Prosecutor ordered to investigate arrest of Anne Faber's killer
The Public Prosecution Service must conduct further investigation into the way in which Michael P. was arrested in the Anne Faber case on 9 October 2017, the court in Amsterdam ruled on Wednesday. The Public Prosecutor previously determined that the officers that arrested P. will not be prosecuted for a soldier injury he sustained during his arrest. P.'s lawyer filed a lawsuit demanding further investigation, NU.nl reports.
The Amsterdam Court of Appeal ruled in favor of P.'s lawyers on Wednesday. "The State must carry out exhaustive investigations, but that has not yet happened in this case; too many questions are still unanswered", the court said in its ruling. The court referred to the fact that Dutch law stipulates that no one may be subjected to torture, punishment or inhumane or degrading treatment. "This is a basic principle of the Dutch constitutional state."
25-year-old Anne Faber disappeared while on a bike ride on 29 September 2017. Her body was found 13 days later, after P. told the police where to look.
When P. was arrested the police and judiciary thought that Faber may still be alive. Members of the arrest team therefore exerted pressure on P. to get him to reveal her whereabouts, according to NU.nl. His handcuffed hands were pulled about and a muzzled police dog was held to his face. Five police officers were identified as directly involved in the arrest.
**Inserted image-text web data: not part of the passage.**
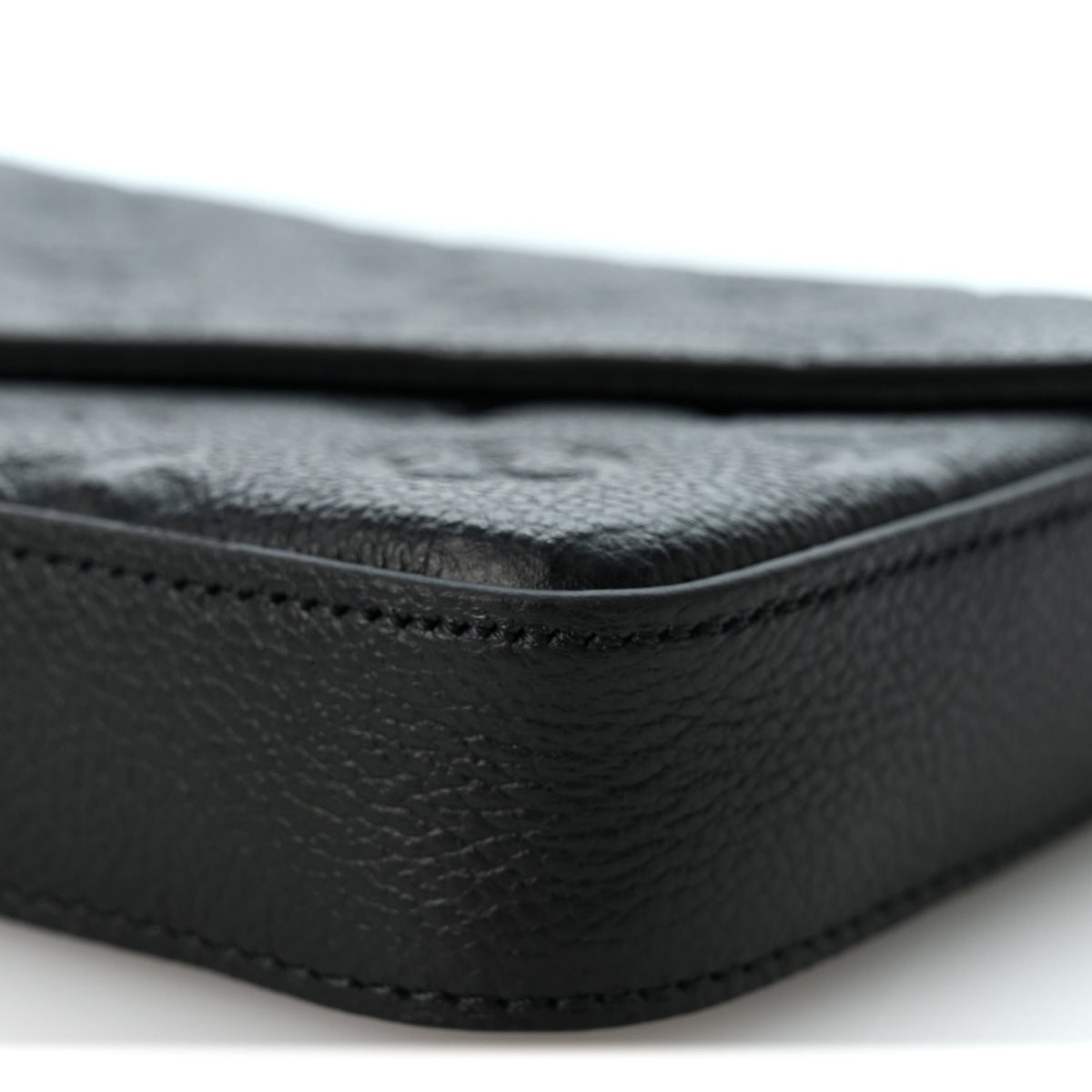 Empreinte Pochette Felicie Chain Wallet Black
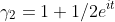 \gamma_2=1+1/2e^{it}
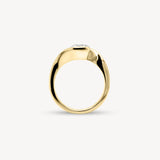 Round Cut Diamond Bypass Solitaire Ring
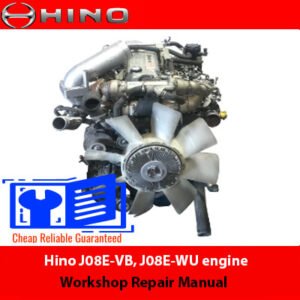 Hino J08E-VB, Hino J08E-WU engine Workshop Repair Manual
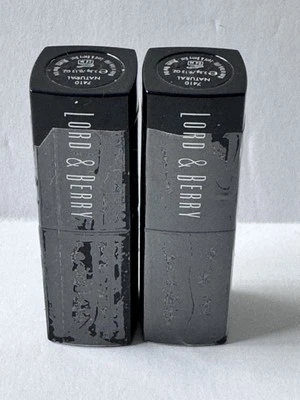 Lápiz labial Lord & Berry Intensity 7410 NATURAL 2 X 0,12 oz/3,5 g NUEVO sellado 2 piezas Foto 1 de 3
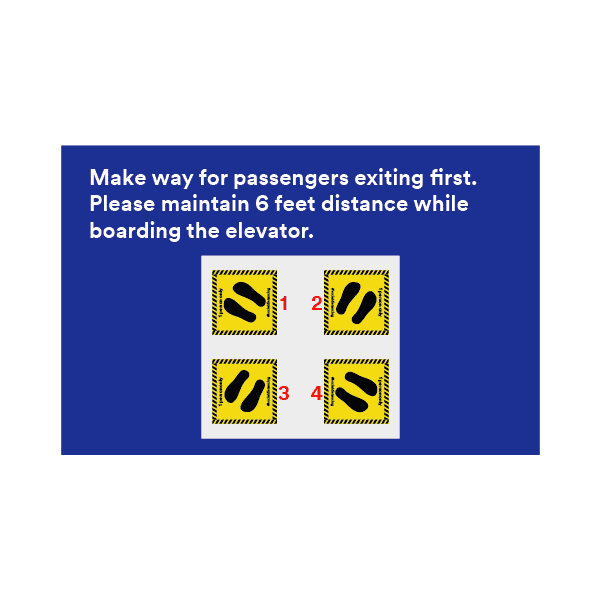 Stay Safe Counter/Wall (3M) Stickers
The Amsterdam court wants the Public Prosecution Service to investigate whether the five police officers were instructed to physically pressure P. and whether the instructions they received were "clear enough for the arrest team."
The fact that the Prosecution now has to investigate the arrest again does not automatically mean that the arrest team involved will be prosecuted. If the investigation reveals they did nothing wrong, the case can be dismissed.
This new investigation will also have no influence on P.'s sentence. Earlier this month he was sentenced on appeal to 28 years in prison and institutionalized psychiatric treatment for abducting, raping and killing Anne Faber. The court in Arnhem did not reduce his sentence because of the way in which he was arrested, because the court believed this should be dealt with in a separate case.